Researchers warn against homemade sunscreen

ISLAMABAD (Online): A quick Google search for the term “homemade sunscreen” will list about 9,750,000 results. Many are recipes for “natural,” “simple,” and “nontoxic” do-it-yourself (DIY) products.
The allure of DIY sunscreen is rooted in multiple factors, such as potentially lower costs and the belief that an all-natural cream made with handpicked ingredients is more healthful than a mass-produced sunscreen with an ingredient list that features chemicals with illegible names.
However, a new study warns that we shouldn’t trust the sunscreen recipes that we find online to yield a product that offers the protection we need against sunburn.
The study comes from a team of researchers from the Center for Injury Research and Policy at the Nationwide Children’s Hospital, in Columbus, OH, and the Brooks College of Health at the University of North Florida, in Jacksonville. Its findings will appear in the journal Health Communication.
“The internet is a great place for families to go to for recipe inspiration and arts and crafts projects, but not necessarily for making their own safety-related things,” warns study co-author Lara McKenzie, Ph.D.
Since social media are a top source, worldwide, when it comes to DIY products, the researchers turned their attention to one such website: Pinterest, a social platform that allows users to display moodboard-like digital collections of their interests.
Some data suggest that Pinterest is the fourth most popular social media platform in the United States, where the website had an estimated 77.4 million users in 2018.

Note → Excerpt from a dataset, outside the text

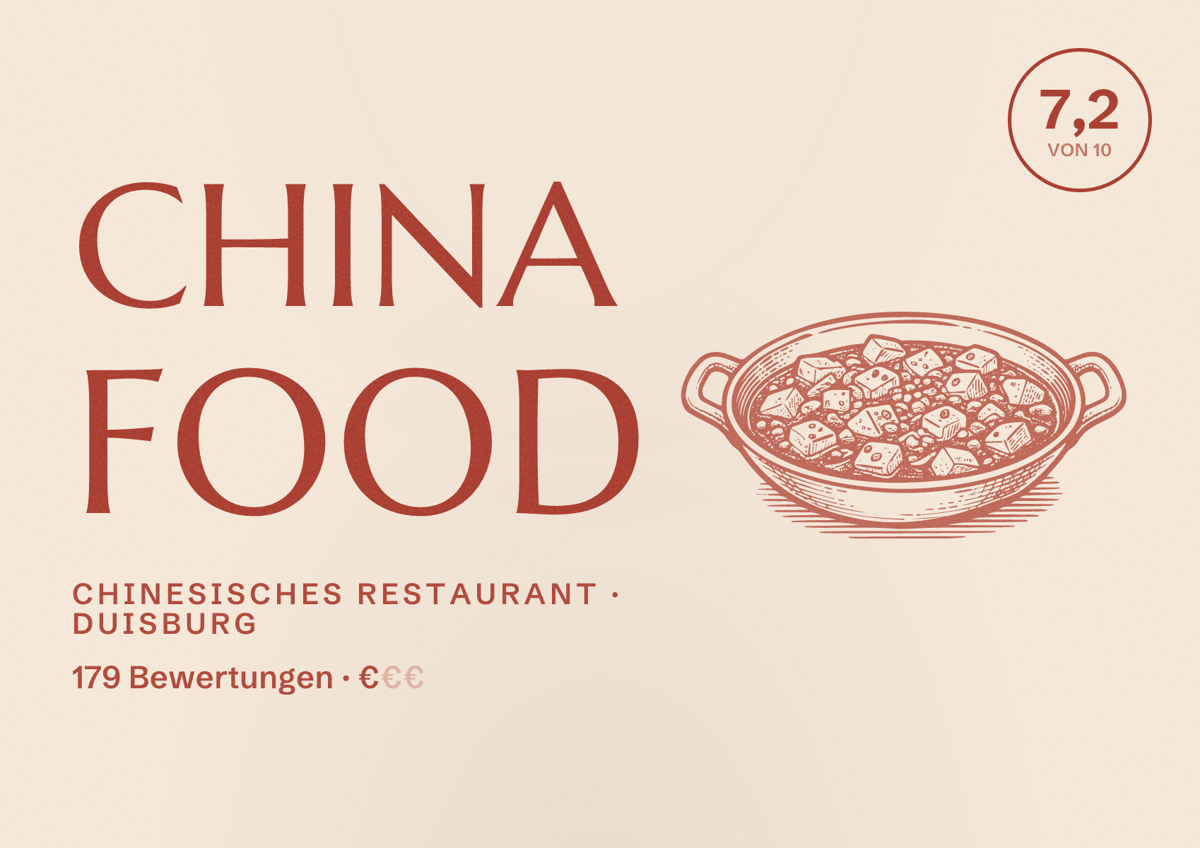 Illustriertes Poster von China Food, Chinesisches Restaurant in Duisburg: Bewertung 7,2 von 10 aus 179 Bewertungen, Preisniveau €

In the current study, the researchers looked at how Pinterest users described and rated various recipes for homemade sunscreen. According to the researchers, this is the first ever study to look at the portrayal of DIY sunscreen on Pinterest.
They found that most — 95.2%, to be exact — of the saved posts (called “pins”) regarding DIY sunscreen suggested that the homemade products were effective, and 68.3% of the pins promoted DIY sunscreens that, the researchers say, did not ensure appropriate protection against ultraviolet (UV) radiation.
Moreover, the team noted that a third of the posts featuring recipes for homemade sunscreen claimed specific sun protection factor — rendered on commercial packaging as “SPF” — rankings, of anywhere from SPF 2–50.